Exercise instructions. What is the number of lines in this data that contain the word "white"? Give the number alone.

Exercise material.
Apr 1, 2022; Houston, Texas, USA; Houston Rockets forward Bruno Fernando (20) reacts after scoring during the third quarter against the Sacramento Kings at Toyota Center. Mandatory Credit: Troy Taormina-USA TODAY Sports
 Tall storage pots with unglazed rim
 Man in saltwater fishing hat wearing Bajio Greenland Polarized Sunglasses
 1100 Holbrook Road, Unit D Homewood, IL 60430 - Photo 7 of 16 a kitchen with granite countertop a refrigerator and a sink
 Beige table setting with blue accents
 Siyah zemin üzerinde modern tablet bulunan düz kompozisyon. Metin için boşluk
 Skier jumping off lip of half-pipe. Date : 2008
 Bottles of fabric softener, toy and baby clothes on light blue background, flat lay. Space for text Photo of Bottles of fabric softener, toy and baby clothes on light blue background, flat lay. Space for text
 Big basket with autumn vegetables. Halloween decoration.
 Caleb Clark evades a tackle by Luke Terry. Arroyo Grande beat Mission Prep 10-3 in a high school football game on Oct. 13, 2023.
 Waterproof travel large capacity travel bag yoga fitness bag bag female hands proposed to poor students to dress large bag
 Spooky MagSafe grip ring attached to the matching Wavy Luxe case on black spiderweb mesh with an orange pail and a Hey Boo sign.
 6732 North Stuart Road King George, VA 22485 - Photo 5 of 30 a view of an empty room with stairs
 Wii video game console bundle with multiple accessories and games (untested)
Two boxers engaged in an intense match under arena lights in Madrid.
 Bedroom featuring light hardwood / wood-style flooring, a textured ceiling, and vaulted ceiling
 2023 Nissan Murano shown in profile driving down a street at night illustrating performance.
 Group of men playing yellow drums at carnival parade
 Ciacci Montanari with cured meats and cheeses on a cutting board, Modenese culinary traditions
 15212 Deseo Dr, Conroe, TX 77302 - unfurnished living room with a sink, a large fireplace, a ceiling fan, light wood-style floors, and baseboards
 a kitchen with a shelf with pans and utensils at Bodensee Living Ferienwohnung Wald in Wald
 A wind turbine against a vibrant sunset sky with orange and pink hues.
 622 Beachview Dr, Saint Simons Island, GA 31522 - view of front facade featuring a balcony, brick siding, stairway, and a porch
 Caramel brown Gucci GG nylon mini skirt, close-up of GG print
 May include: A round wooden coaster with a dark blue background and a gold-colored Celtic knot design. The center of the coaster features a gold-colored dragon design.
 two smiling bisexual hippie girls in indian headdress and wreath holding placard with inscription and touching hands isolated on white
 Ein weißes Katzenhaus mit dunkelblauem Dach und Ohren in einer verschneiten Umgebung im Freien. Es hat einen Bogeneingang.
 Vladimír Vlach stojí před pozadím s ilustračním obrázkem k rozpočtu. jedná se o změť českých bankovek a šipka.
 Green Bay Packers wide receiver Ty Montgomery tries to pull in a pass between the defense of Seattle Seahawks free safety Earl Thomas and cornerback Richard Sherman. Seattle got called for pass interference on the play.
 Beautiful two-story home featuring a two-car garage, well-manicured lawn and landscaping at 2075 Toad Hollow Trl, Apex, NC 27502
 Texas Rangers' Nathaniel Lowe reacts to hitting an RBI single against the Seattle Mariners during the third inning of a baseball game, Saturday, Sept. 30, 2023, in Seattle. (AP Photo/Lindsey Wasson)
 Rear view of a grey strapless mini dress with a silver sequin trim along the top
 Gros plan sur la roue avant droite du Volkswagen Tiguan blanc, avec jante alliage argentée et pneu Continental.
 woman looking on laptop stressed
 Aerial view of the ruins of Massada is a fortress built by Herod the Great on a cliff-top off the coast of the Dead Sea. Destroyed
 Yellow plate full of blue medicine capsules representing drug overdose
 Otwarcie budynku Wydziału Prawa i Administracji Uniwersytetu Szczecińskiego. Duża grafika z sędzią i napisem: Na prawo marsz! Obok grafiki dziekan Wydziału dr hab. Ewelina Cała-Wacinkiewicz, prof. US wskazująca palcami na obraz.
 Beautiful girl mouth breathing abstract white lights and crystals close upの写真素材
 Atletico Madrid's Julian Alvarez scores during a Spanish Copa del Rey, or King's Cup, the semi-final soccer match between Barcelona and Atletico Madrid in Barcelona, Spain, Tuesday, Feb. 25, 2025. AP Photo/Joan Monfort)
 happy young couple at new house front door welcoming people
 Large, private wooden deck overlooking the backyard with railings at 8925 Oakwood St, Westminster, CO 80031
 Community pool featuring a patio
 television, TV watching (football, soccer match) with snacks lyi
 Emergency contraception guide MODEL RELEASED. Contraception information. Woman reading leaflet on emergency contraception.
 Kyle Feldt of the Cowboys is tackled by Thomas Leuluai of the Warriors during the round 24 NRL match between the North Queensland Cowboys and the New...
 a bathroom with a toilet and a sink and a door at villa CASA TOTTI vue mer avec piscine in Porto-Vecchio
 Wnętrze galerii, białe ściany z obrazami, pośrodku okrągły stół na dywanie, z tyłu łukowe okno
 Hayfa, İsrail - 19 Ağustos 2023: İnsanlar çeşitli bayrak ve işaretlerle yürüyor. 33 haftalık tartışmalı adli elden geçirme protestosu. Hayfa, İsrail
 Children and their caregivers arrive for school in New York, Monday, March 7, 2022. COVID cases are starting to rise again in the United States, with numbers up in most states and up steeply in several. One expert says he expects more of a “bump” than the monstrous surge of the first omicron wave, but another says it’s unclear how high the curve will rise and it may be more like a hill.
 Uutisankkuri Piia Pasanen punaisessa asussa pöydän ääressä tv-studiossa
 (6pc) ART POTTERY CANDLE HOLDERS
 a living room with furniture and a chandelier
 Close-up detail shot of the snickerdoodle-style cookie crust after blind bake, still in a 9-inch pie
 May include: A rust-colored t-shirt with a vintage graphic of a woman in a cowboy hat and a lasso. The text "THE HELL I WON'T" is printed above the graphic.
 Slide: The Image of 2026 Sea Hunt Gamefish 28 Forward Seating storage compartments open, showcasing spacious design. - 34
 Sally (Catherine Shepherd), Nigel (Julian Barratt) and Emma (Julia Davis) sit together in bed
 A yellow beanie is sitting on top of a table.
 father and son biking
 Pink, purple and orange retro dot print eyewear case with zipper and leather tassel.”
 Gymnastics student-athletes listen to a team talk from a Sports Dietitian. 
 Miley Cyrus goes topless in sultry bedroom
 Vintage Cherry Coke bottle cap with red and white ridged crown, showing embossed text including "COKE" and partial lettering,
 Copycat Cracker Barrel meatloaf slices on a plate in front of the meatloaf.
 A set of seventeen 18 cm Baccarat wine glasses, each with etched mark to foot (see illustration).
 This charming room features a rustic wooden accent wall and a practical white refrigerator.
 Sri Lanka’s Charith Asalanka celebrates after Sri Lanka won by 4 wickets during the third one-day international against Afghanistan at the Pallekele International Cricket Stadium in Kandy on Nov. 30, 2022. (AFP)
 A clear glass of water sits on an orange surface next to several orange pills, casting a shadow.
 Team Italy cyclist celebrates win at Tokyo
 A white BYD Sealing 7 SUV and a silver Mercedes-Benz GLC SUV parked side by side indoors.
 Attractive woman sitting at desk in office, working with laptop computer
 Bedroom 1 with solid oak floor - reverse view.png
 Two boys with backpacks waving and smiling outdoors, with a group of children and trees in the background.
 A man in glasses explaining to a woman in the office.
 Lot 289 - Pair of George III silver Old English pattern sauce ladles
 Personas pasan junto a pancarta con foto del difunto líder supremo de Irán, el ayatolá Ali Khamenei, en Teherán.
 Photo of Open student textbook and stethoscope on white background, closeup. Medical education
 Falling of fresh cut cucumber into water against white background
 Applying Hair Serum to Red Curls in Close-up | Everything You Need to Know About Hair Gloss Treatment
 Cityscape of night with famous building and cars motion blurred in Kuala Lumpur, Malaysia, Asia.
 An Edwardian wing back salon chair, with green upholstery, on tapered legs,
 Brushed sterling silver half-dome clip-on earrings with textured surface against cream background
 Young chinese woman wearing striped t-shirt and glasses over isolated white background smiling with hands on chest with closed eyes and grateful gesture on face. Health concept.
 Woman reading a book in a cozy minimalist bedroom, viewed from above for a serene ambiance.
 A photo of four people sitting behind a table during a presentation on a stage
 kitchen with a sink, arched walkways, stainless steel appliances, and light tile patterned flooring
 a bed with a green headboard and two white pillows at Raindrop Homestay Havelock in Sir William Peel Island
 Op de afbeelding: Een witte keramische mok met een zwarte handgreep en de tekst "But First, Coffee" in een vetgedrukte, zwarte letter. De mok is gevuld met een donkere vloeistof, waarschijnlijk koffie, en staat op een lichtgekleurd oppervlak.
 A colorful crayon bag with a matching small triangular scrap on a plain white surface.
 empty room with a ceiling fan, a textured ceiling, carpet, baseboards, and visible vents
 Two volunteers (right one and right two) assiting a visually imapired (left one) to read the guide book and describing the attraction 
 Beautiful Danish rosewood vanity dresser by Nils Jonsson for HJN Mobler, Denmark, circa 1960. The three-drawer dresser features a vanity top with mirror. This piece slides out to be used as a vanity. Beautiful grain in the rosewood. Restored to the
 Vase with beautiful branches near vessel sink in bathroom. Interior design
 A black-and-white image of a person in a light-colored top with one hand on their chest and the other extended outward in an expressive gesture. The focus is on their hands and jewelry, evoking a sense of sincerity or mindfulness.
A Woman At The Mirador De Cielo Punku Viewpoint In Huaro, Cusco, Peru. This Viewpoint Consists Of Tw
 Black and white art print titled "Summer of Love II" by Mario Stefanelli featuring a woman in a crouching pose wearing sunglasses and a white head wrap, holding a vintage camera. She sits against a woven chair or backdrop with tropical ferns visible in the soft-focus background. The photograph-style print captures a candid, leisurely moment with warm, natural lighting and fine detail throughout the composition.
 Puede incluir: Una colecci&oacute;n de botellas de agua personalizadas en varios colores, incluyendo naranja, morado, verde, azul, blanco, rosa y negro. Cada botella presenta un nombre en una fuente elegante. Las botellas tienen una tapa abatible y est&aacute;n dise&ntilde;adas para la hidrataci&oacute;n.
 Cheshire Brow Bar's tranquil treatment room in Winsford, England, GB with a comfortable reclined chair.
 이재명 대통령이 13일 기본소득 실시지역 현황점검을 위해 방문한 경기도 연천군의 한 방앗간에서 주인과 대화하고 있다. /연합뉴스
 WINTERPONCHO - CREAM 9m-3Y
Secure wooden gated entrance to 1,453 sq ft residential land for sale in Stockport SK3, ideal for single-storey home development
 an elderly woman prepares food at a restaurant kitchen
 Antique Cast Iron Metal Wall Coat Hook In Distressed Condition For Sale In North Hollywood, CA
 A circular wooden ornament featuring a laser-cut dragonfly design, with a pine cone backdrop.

Exercise result. 12